His new favorite strategy is to sit on the potty and squeeze out a few drops of urine, and clamor for his swedish fish, and then ten minutes later, do the same, all day long. He's figured out that he can not fully empty his bladder, and that he gets more rewards that way. And he still demands a diaper to poop. He's hilarious, I guess, if you're not his mother-- he can only poop while standing between DH's side of the bed and DH's nightstand, in this little space that's there, and he has to be holding his security blanket to do it.

I'm really afraid to put too much pressure on him, too, because he's very strong-willed. I don't want to wind up with another case of withholding like we had with DD1.

And I'm just so tired of diapers and puddles and poopy undies. Somebody peed on my feather pillow the other day, (and it wasn't the cat, because the cat was outside,) so it was either DS or DD2, who were both naked, and both denied it to the heavens above when I asked who did it, and it took me a whole day to wash and dry the darn pillow.

After five and a half years of washing diapers and cleaning up accidents and wiping bums, I guess I'm just ready to be DONE, and the fact that DS is so unmotivated is getting on my nerves.

Thank you. Rant over, and thank you for letting me vent my aggravation.


----------



## Plarka (Jul 1, 2008)

Oh, I'm so sorry, this sounds so tiring! I don't have any advice, we're in the middle of our own potty problems. DD potty trained by 18 mo, and after a few months got bored of it and now just pees herself instead, most of the time. And she is 2y 4 mo, so that has been going on for 6 months!!!!!!!!!!!!!!!!!!!!!

Just wanted to say I hear ya in the aggravation of things potty related!


----------



## naismama (Oct 28, 2005)

I was just about to post my own potty rant about my ds whom I started pottying at 21 months. Now at 25 months, he poops and pees himself without even trying to go to the bathroom. Ironically, he has been consistently dry through the NIGHT every night for 3 months!!! Your situation sounds so exhausting....... but is it okay if I laughed at the Swedish fish thing?


----------



## JudiAU (Jun 29, 2008)

Quote:


Originally Posted by *Llyra* 
He basically potties for refined sugar (the only sugar he ever really gets, actually-- right now it's swedish fish) and if I try to pace out the rewards, he stops pottying and just goes on his feet or on the floor and tells me he'll potty when I buy more candy.

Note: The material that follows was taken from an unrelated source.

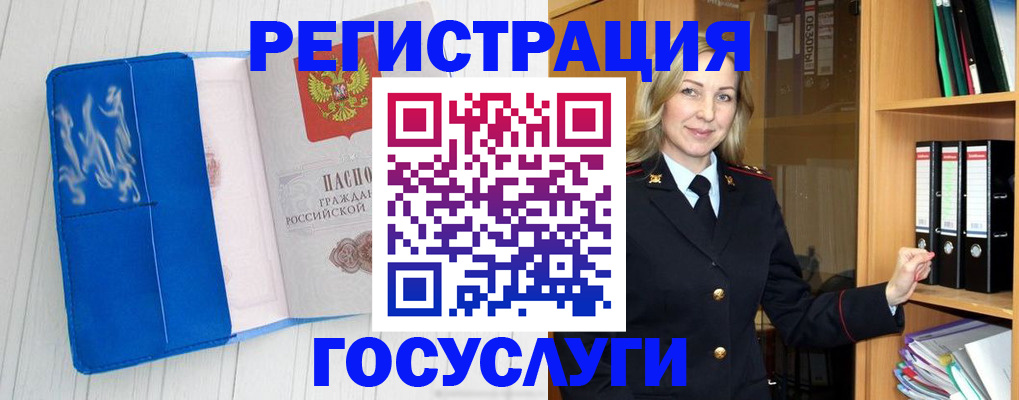 временная прописка в Горняке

His new favorite strategy is to sit on the potty and squeeze out a few drops of urine, and clamor for his swedish fish, and then ten minutes later, do the same, all day long. He's figured out that he can not fully empty his bladder, and that he gets more rewards that way. And he still demands a diaper to poop.

Nothing helpful to add except to say that really is hilarious. Smart, smart kid. And yes, it sounds like a really bad idea to pressure him. Who knows what he'll think of next.

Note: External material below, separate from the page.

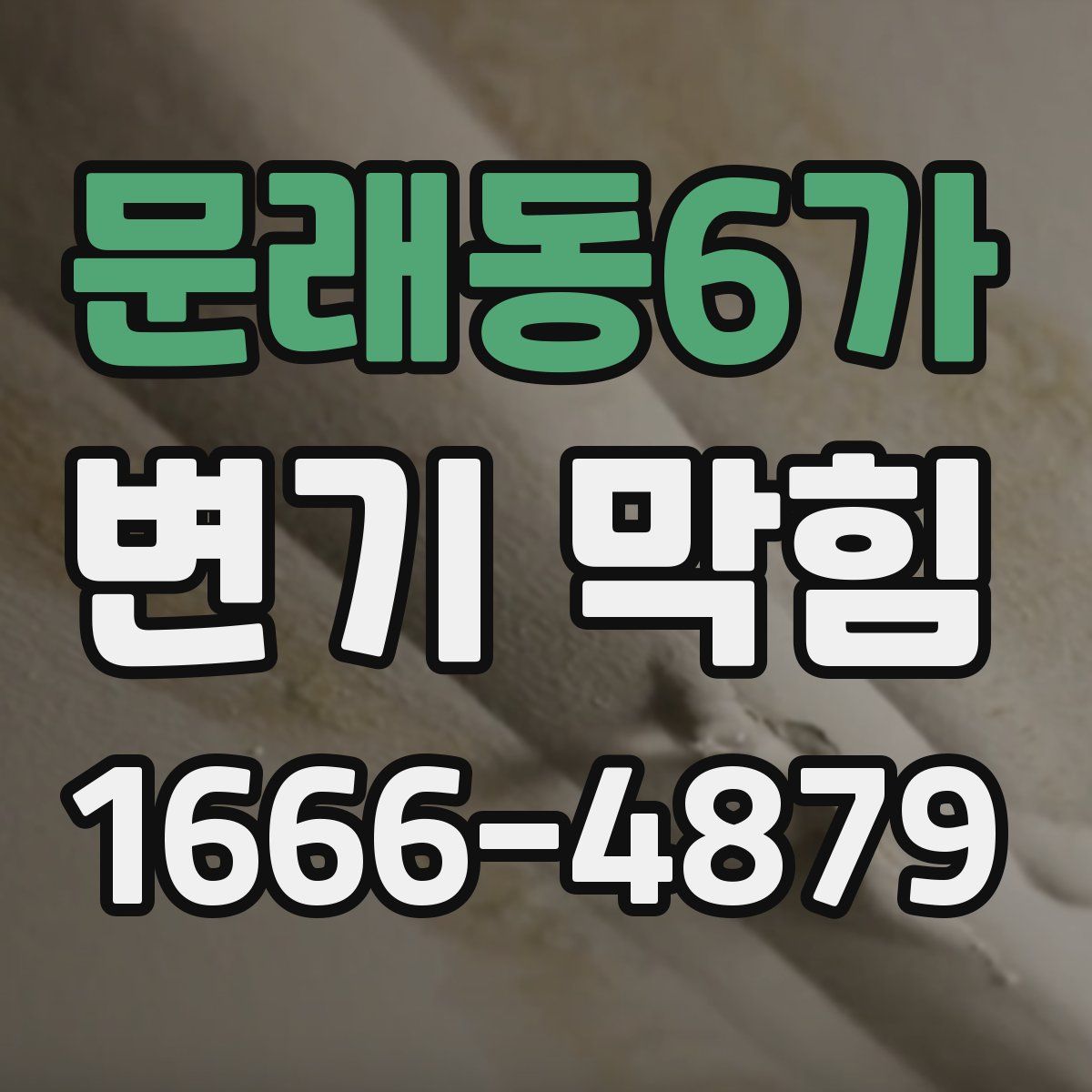 문래동6가 변기 막힘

My sister had a similar toddler who would only poop for candy too. She is seven and still jokes about it...


----------



## Kirsten (Mar 19, 2002)

I would put anyone having accidents more than once a week back in diapers. Try again in six months. When each of my three were ready (them ready - not me), they PT in a day or two. They were each three or three and a half though. I watched too many of my friends go through months or even years of accidents and frustration - I wasn't up for that.

I hope everyone hits the potty for you today!


----------



## mamabear0314 (May 13, 2008)

Quote:


Originally Posted by *Kirsten* 
I would put anyone having accidents more than once a week back in diapers. Try again in six months. When each of my three were ready (them ready - not me), they PT in a day or two. They were each three or three and a half though. I watched too many of my friends go through months or even years of accidents and frustration - I wasn't up for that.

I hope everyone hits the potty for you today!









That's how I feel about it. I'd rather change diapers than clean up accidents. When he's ready, we'll do it.
OP, I'm not speaking from personal experience..but it seems like even though he's physically ready, maybe he's not mentally/emotionally ready. I would put the dipes back on him for a few months. Good luck!


----------



## waiting2bemommy (Dec 2, 2007)

first, I have to laugh at both the poop thing and the swedish fish. Very smart kid you've got!

Second, could you try using a timer? And tell him that every time the timer goes off he can try pottying for swedish fish? and then gradually space out the intervals until they are maybe an hour apart. I know you said he doesn't like you to space out the rewards, soI don't know if it would work, it definitely won't if he catches on to what you're doing, but it might be worth a try. timers are my absolute favorite thing ever for potty training. It's something really concrete and predictable and kids seem to like that.

Ihave no idea if that will help at all but I sympathize with you....my ds still has "off" days sometimes where he just isn't in the mood to go potty. And since he thinks it's really super duper fun to squeeze the spray bottle and clean with the rag, and he LOVES doing laundry, "natural consequences" do not help my cause.In fact he has been known to stand right beside the potty and pee onn the floor, just for the joy of cleaning it up which makes me


----------



## crunchymamatobe (Jul 8, 2004)




----------



## Llyra (Jan 16, 2005)

Quote:


Originally Posted by *Kirsten* 
I would put anyone having accidents more than once a week back in diapers. Try again in six months. When each of my three were ready (them ready - not me), they PT in a day or two. They were each three or three and a half though. I watched too many of my friends go through months or even years of accidents and frustration - I wasn't up for that.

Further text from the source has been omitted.